Muhterem Müslümanlar; bu gece, cumayı cumartesiye bağlayan gece Mirac Kandili.

Peygamber Efendimiz (sav)’in rûhu ve bedeniyle, Burak isimli semavî bir binite binerek, Cebrail ile birlikte Mekke’deki Mescid-i Haram’dan Kudüs’teki Mescid-i Aksa’ya (Beytü’l-Makdis) kadar, yapmış olduğu gece yolculuğuna İsra, Oradan da bir mi’râcla manevî asansörle yedi kat göklere yükselip tâ Sidretü’l-Müntehâ’ya ulaşması, burada Cebrail’i arkada bırakıp Refref denilen manevi bir binitle Allah’ın huzuruna varıp, O’nun Zât-ı Akdes’ini yakînen müşahede etmesi ve zaman-mekân üstü konuşması olaylarına Mi’râc denilir.

Kur’ân-ı Kerim İsrâ suresinde (17/1) İsrâ olayını anlatır. Necm suresinde de İsrâ’nın devamı olan Mi’râc hadisesini anlatır (Necm, 53/1-18).

Âyetlerde biraz da kapalı olarak anlatılan bu esrarengiz yolculuğu, Peygamberimiz (sav) birçok hadîslerinde detaylarıyla anlatmışlardır.[1]

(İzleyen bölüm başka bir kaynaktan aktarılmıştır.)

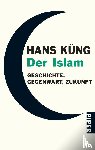 Küng, Hans - Der Islam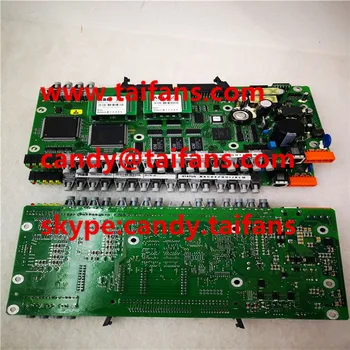 

original new inverter board 3BHE024577R0101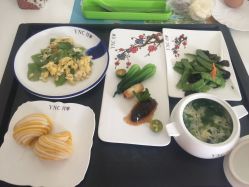 点击看大图 -台湾宝儿月子中心 (中南路店)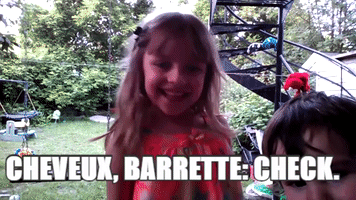 marie-evesaucier  GIF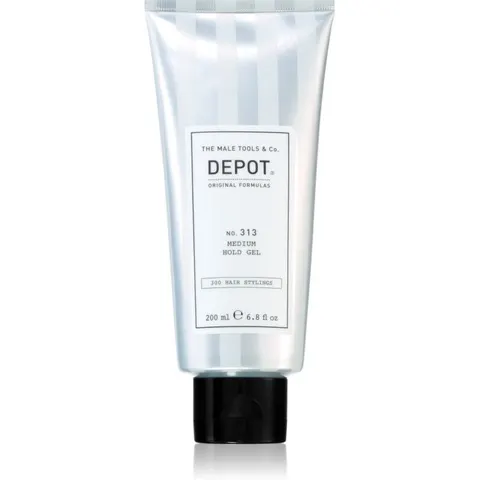 Styling Gel Depot Nº 313 200 ml – afbeelding 3
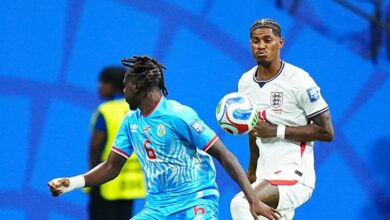 Galatasaray'dan orta alana bomba transfer! Dünya Kupası'nda... 5 galatasaraydan orta alana bomba transfer dunya kupasinda 9ysLU3BP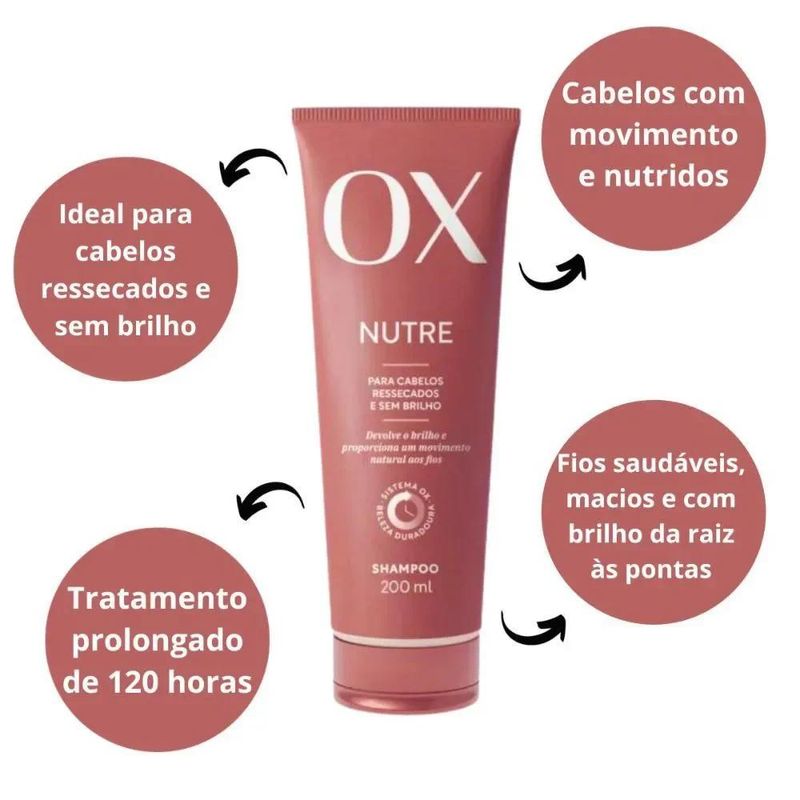 shampoo-ox-nutricao-intensa-240ml-100008885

Bu yolculuğu genel hatları ile ifade edecek olursak; Efendimiz (sav)  bir gece Kâbe-i Muazzama’nın Hatîm mevkiinde yatarken, Cebrail (as) geldi. Sonra beyaz bir binek olan Burak ile normalde bir aylık mesafedeki Mescid-i Aksa’ya uçtular. Orada bütün peygamberlerin ruhlarına imam olup namaz kıldırdı. Bu imamlık, o peygamberlerin getirmiş olduğu şeriatların hepsine Peygamber Efendimizin gerçek varis olduğuna işarettir.

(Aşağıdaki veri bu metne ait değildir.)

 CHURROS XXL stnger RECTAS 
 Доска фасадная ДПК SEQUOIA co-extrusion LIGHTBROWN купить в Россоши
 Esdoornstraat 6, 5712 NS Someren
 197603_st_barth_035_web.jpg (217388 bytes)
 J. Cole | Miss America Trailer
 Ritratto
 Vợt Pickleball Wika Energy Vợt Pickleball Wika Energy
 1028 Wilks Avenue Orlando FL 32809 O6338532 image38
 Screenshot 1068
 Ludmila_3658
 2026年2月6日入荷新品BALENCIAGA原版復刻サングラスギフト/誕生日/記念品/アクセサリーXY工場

Ardından yüceliklere yükseltici bir mi’rac/ manevî asansör ile göklere çıkartılıp yedi kat semaları bir bir dolaştırmış ve orada her katın temsilcisi olan Peygamberle görüşmüştür.

Melekleri, Cennet ve Cehenneme kadar bütünüyle ahiret hayatını müşahede etti. Cebrail daha sonra Peygamberimiz Efendimizi daha da yükseklere çıkardı, öyle bir fezaya vardılar ki kaderleri yazan kalemlerin cızırtıları duyuluyordu.

Nihayet varlıklar âleminin son sınırı olan Sidretü’l-Müntehâ’ya ulaştılar. Cebrail: “İşte burası Sidretü’l Müntehâ’dır. Ben buradan bir parmak ucu ileri geçecek olursam yanarım.” dedi. Peygamberimize Sidre’de dört kutsal nehir ve her gün yetmiş bin meleğin ziyaret ettiği Beyt-i Ma’mûr gösterildi. Ayrıca şehitlerin ve muttakilerin cenneti olan Cennetü’l-Me’vâ’yı temaşa etti.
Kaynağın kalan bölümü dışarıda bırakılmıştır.